Beneath this line are the data; copy exactly the part of them that opens with the line containing "Red Angus Cattle" and closes with the line containing "Cashmere Fringed Scarf - Picture 4 of 6", and only that part.

→ **GIVEN ENTRIES**
┌──
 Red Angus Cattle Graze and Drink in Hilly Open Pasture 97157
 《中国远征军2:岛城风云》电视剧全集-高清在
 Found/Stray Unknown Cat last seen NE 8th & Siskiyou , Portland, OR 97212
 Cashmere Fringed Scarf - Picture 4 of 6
└──
┌──
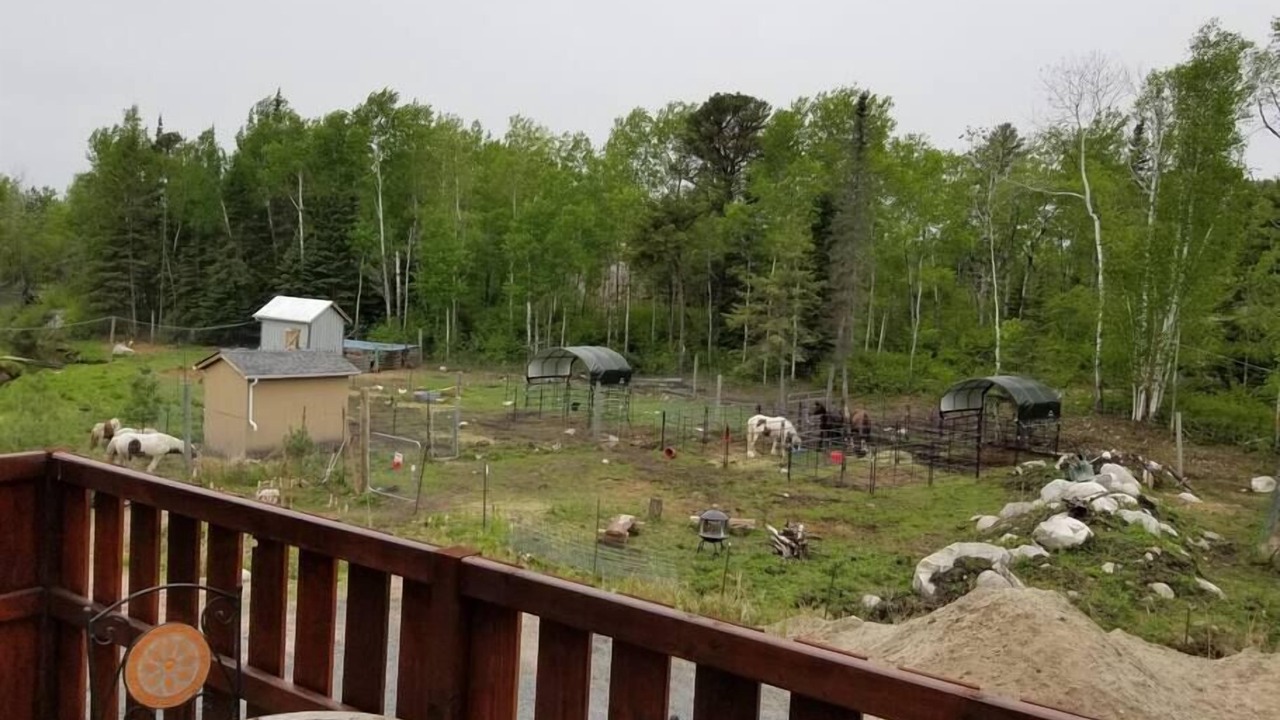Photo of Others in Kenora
└──
→ **TASK RESPONSE**
 Red Angus Cattle Graze and Drink in Hilly Open Pasture 97157
 《中国远征军2:岛城风云》电视剧全集-高清在
 Found/Stray Unknown Cat last seen NE 8th & Siskiyou , Portland, OR 97212
 Cashmere Fringed Scarf - Picture 4 of 6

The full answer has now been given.